Children of the computer graphics generation, my kids are too young to appreciate the kitsch value of the map, which was primitive even when I was young. (Danny did, however, remember the fishhook configuration of Union troops, so it wasn’t a complete loss.)

Under a guide’s command

I debated how best to tour the battlefields. One of the great regrets of my life is that I never videotaped my father’s Gettysburg tour, and I must admit that after years of nonuse, my own narrative has grown sketchy. If we had visited during the summer — we were there in the spring — there would have been many ranger-led walks and battlefield tours from which to choose. But I wasn’t sure a group tour was the right thing for us anyway: I wanted the kids to be able to run around and ask questions and, most important, not bother anyone.

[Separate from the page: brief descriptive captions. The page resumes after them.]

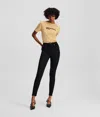 Karl Lagerfeld High-rise Skinny Jeans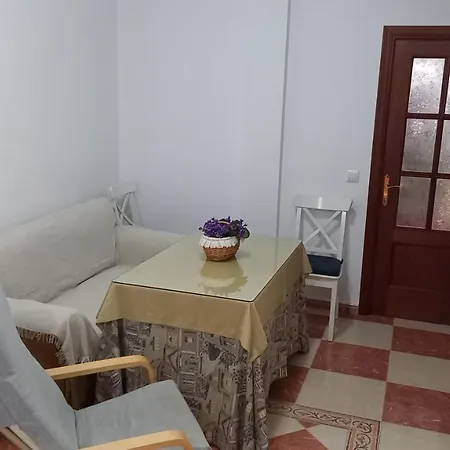 Διαμέρισμα Andalucia *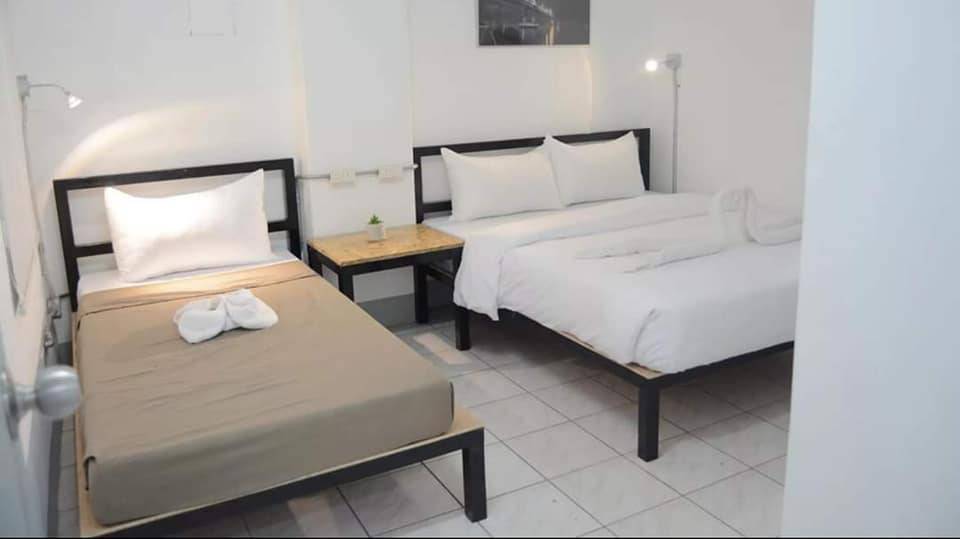 Boarding House For Rent At Gen. Echavez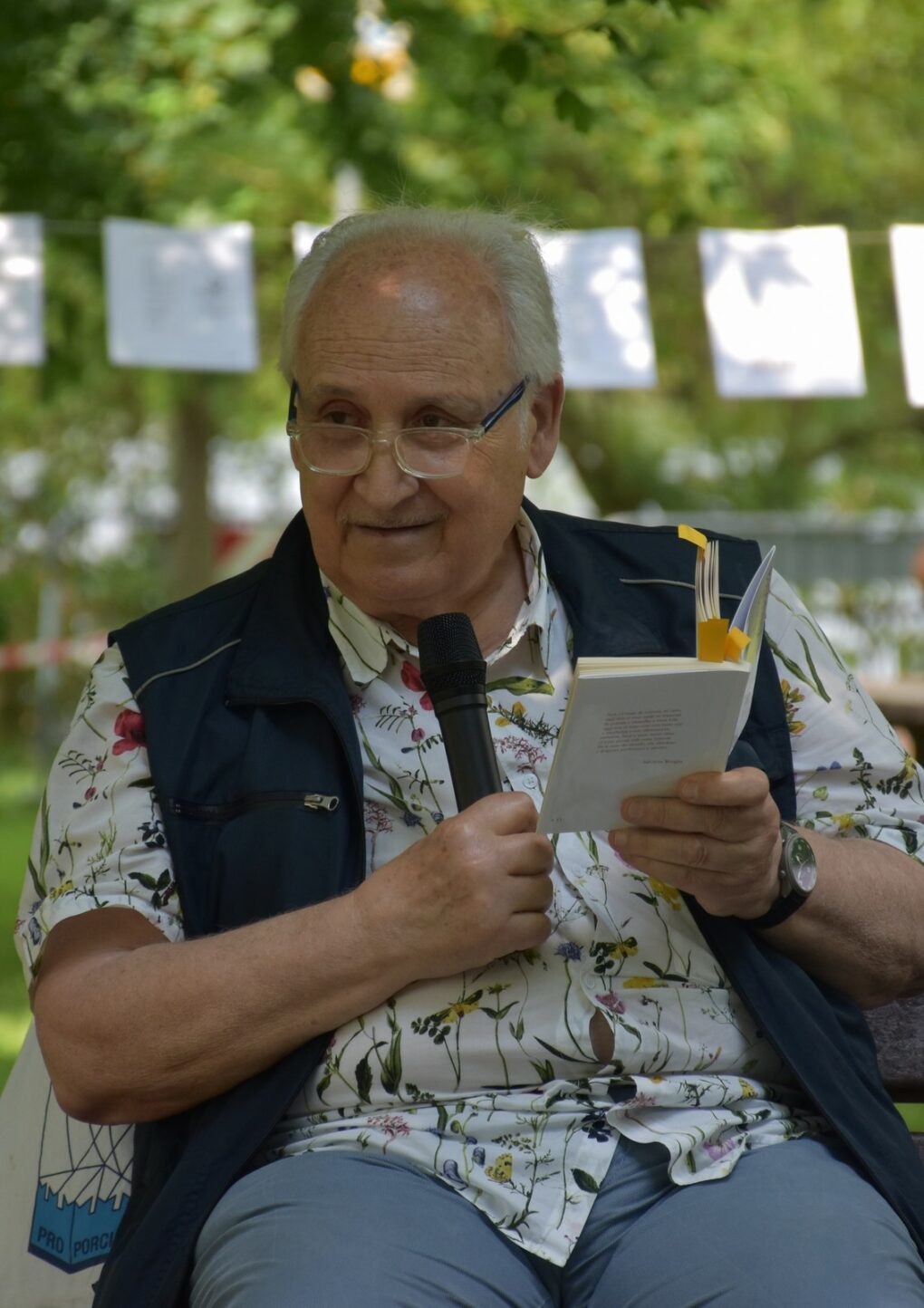 Scopri di più sull'articolo Festival della Letteratura Verde – Poesie sull’erba 3 – foto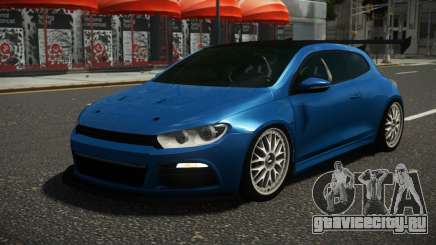 Volkswagen Scirocco HF для GTA 4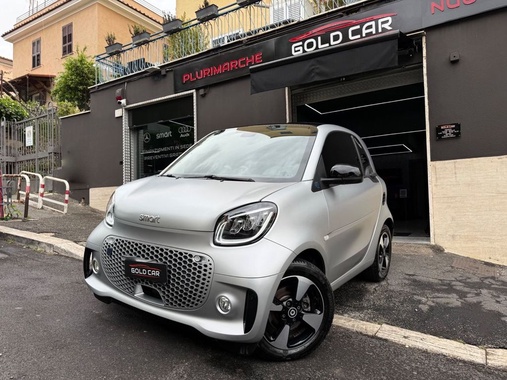 Smart ForTwo 2021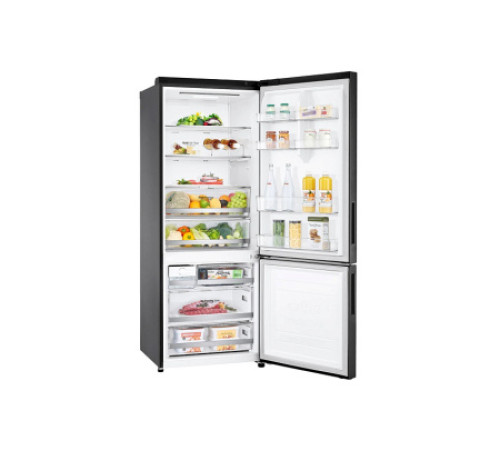 Холодильник LG GC-B569PBCM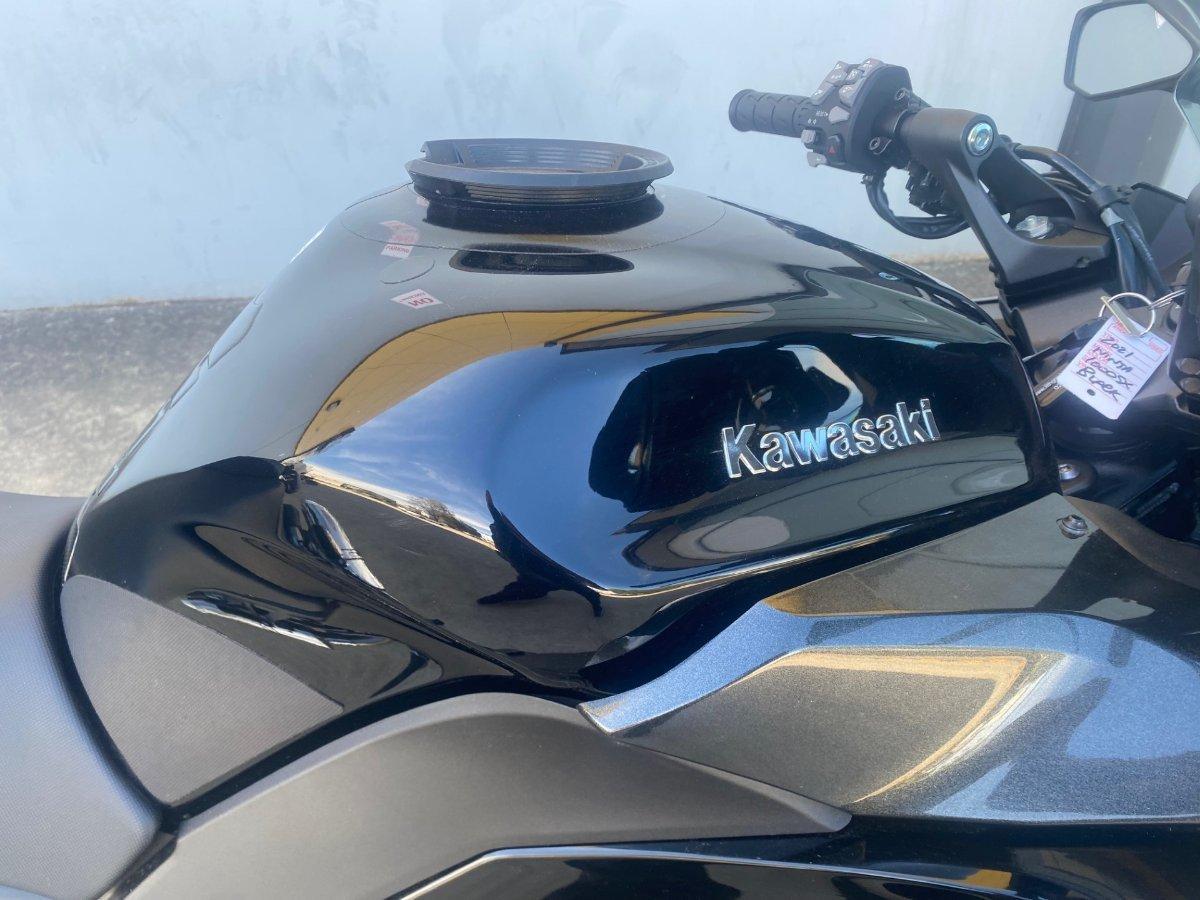 2021 KAWASAKI NINJA 1000SX SPORTS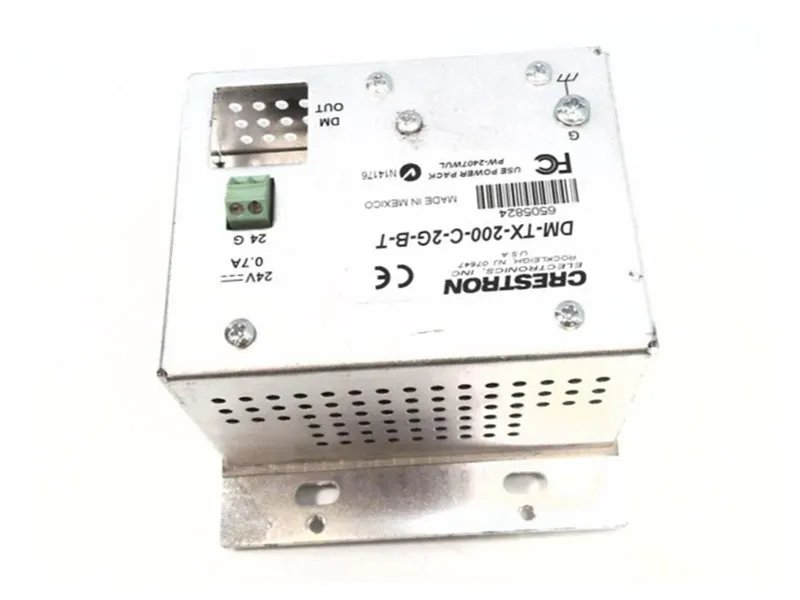 CRESTRON DM-TX-200-C-2G-B-T 信號調節器/發射器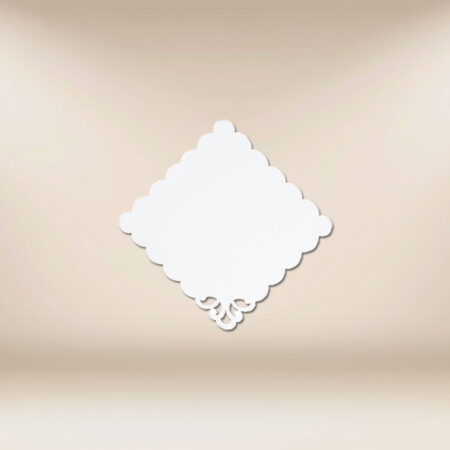 Embroidered napkin "Ornamencik" 32x32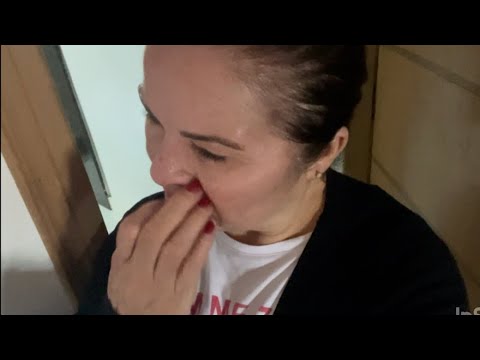 OLHA O ACIDENTE DOMÉSTICO QUE ACONTECEU COMIGO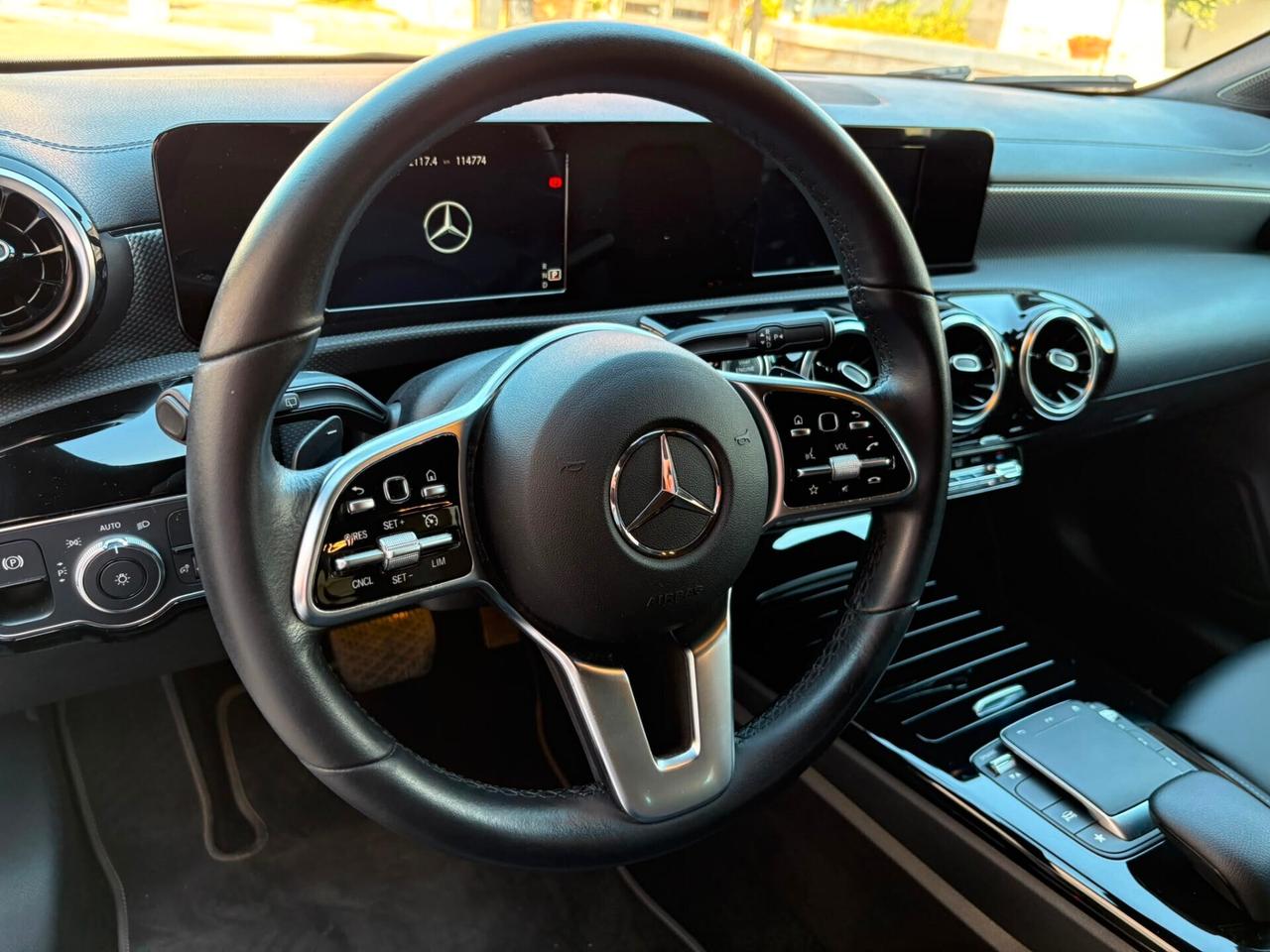 Mercedes-benz CLA 200 D AUT Executive 2021 114000KM IMMATRIC AUTOCARRO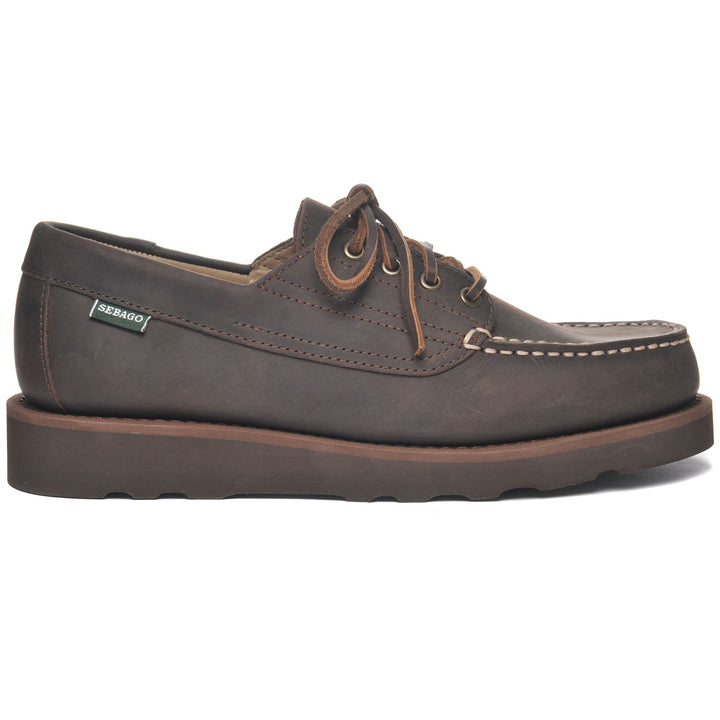 Sebago  askoofiled in pelle crazy horse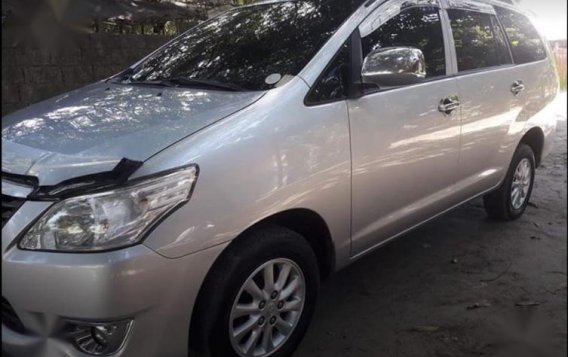 Toyota Innova 2013 for sale-2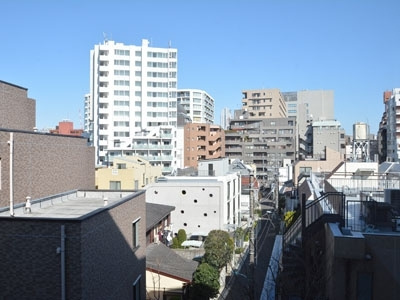 【展望】 | コスモリード南麻布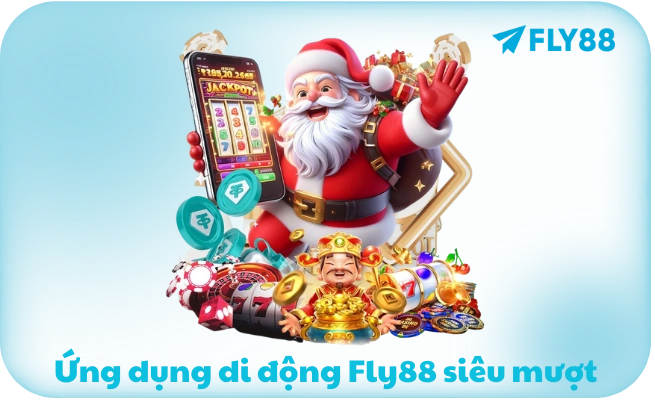 Ứng dụng di động Fly88 siêu mượt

A friend had told me I could hire a guide to travel with us in our car. So I approached the man at the information counter and pointed to my children, catching Fiona mid-cartwheel. “These are my children,” I said, trying not to sound apologetic. “Would a guide be a good way to see the battlefield?”

Yes, he assured me. The guide would be happy to tailor the experience to meet the needs of the children. Yes, we could concentrate on Little Round Top and Devil’s Den. Yes, there would be plenty of running-around time. So having signed up for a half-hour hence, we ran out, grabbed some lunch and a couple of plastic swords for old times’ sake and returned to meet our guide.

I had vaguely hoped for someone a bit collegiate, easy with kids and a bit jokey. Instead, we watched as Suzanne Harbach approached.

About 5 feet tall, with ramrod posture, a military blue coat and a cap perched on her white hair, she could not have been more no-nonsense.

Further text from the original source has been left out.